[Short text fragments from websites]
-=-=-=-=-
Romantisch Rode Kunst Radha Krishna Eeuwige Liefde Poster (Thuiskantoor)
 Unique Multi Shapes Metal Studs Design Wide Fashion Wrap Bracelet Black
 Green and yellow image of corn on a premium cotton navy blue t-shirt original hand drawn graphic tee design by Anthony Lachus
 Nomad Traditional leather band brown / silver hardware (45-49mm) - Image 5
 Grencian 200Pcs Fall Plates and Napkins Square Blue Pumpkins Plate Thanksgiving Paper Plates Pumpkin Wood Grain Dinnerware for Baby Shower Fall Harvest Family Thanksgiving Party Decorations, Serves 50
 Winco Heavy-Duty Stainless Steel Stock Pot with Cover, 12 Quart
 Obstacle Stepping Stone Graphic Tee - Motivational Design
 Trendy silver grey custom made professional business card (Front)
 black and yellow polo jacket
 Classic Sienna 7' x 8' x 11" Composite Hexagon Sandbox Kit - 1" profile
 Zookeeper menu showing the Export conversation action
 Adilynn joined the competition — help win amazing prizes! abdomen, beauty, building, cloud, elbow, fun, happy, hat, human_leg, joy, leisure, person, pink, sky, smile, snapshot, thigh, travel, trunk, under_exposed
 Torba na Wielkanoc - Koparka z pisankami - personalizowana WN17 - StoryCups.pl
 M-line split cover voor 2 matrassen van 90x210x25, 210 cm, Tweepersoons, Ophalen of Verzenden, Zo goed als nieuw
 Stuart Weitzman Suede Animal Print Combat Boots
-=-=-=-=-
### WHAT TO PRODUCE
Find the string "silver" in the records, then copy each line where it occurs.

### SOLUTION
 Nomad Traditional leather band brown / silver hardware (45-49mm) - Image 5
 Trendy silver grey custom made professional business card (Front)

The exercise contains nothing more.